先週も記載しましたが、どうやら機関投資家のドル円買いやM&Aに伴う実需の買いは相当なボリュームがひっきりなしに市場に登場しているようでドル円は先週から徐々に下値を切り上げてきているのが現状です。しかしかといって大きく買いあがるわけでもなく、これが狭いレンジ相場を形成する大きな要因になっているようです。

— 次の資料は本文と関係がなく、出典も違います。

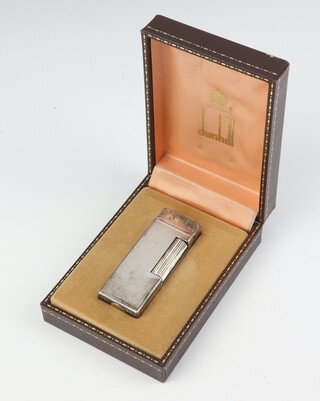 A gentleman's Dunhill silver plated engine turned gas cigarette lighter with engraved monogram, boxed 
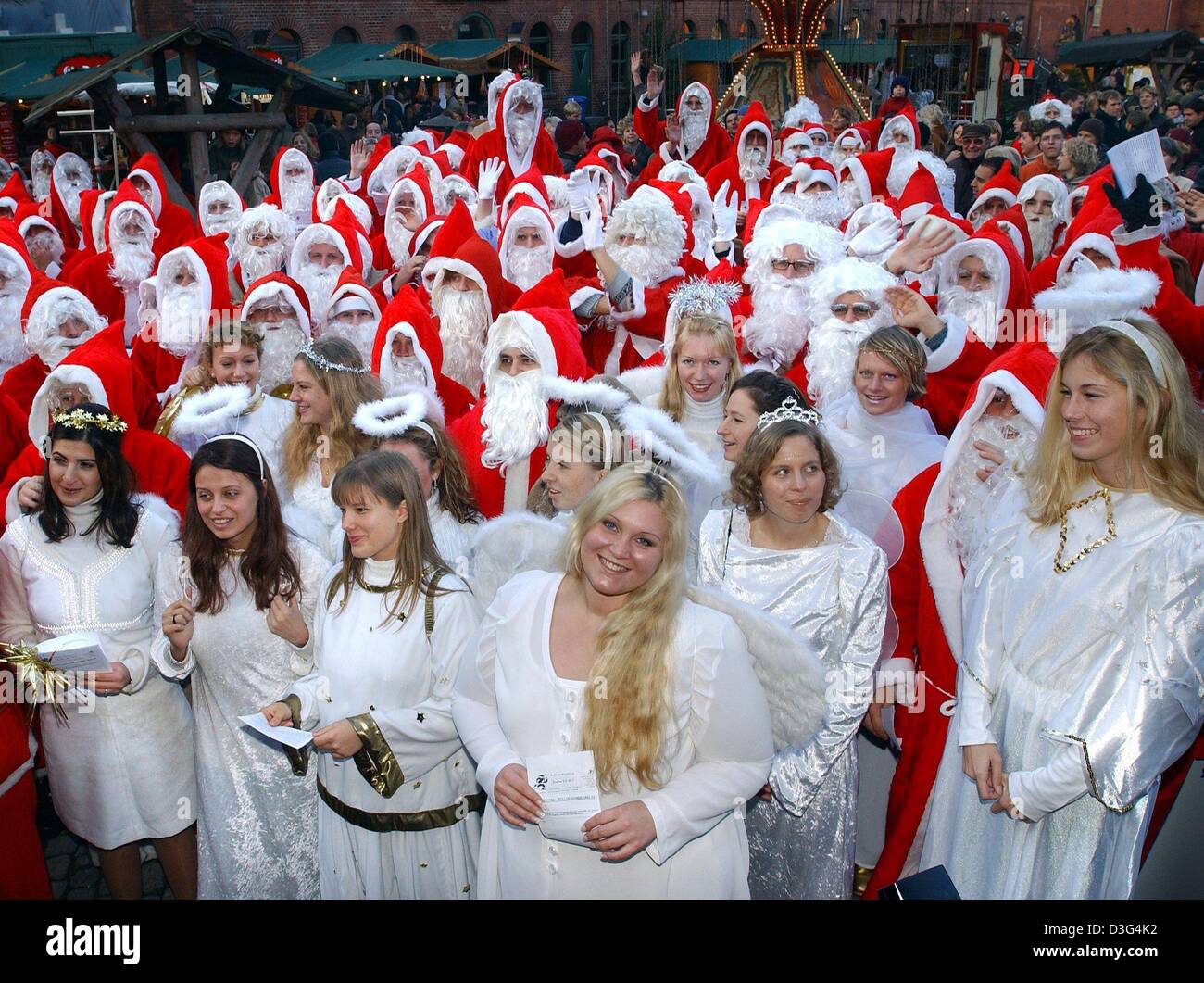 (Afp) - Les étudiants habillés comme des anges et Santa Clauses ont se sont réunis à Berlin, le 30 novembre 2003. Le Père Noël et anges seront disponibles à la veille de Noël pour faire des visites à domicile et de distribuer des cadeaux de Noël qu'à une famille d'arbres de Noël. Banque D'Images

しかしこのドル円、2017年も2018年も8週間に渡って上昇トレンドを形成して駆け上がるとそのあとは必ずそれなりの値幅をもって調整局面入りする傾向がありますので月末に向けて実需の買いが一服したところではやはり反転下落の時間帯を迎える可能性が高まりそうです。

ドル円週足チャート
ドル円週足チャート

上のドル円週足チャートをご覧いただくとわかりますが、2017年の最大のトレンド期間であった9月から11月までも2018年3月からの上昇トレンドもほぼ8週間を過ぎたところで上昇は一服し上下に振れながらその後一定の下落を示現することは間違いない状況となっています。3月後半という比較的ドル円が上昇しやすい時期に同様の動きが示現するかどうかは微妙ですが、ある程度の調整がここから入ってもおかしくはない点にはかなり注意が必要となりそうです。

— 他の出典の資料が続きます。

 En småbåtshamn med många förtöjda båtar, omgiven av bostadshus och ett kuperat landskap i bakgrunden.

一般的にドル円は年間で大きなトレンドがでてもせいぜい2回程度ですから、8週間前後の上昇の動きは一旦トレンドが終了しやすいというのが通貨ペアの特性にもなっているようで、ぴったりと当たらなくてもそれなりにワークするアノマリーのようです。
ただ、足元の相場は経済指標などに悪いものがでてもほとんど相場が反応してネガティブな動きを見せないという不思議な時間帯に差し掛かっていますから、ドル円もここから大きく下げると期待するのは難しい可能性もあり、一定の下げ以上の動きをしなくなった場合にはショートでもしっかりリカクすることが重要になりそうです。

年度末特有の円転玉はほぼ終了済みの様子

この時期になりますと輸出企業が利益を円転して国内に送金するというレパトリの案件も増えるのが常ですが、今年の場合はすでにドル円が112円に達したあたりに多くの売り切り玉がでてしまったようで年度末の玉はここからはよほどの調整いがいはほとんど消化したものと考えたほうがよさそうです。実はこれもドル円を下げないひとつの要因として機能しているようですが、ドル円は必ず調整局面を迎えることが予想されますので、安易に上値追いについていくのも危険です。まさにチャートをよく見て売買タイミングをみはからいたい一週間になりそうです。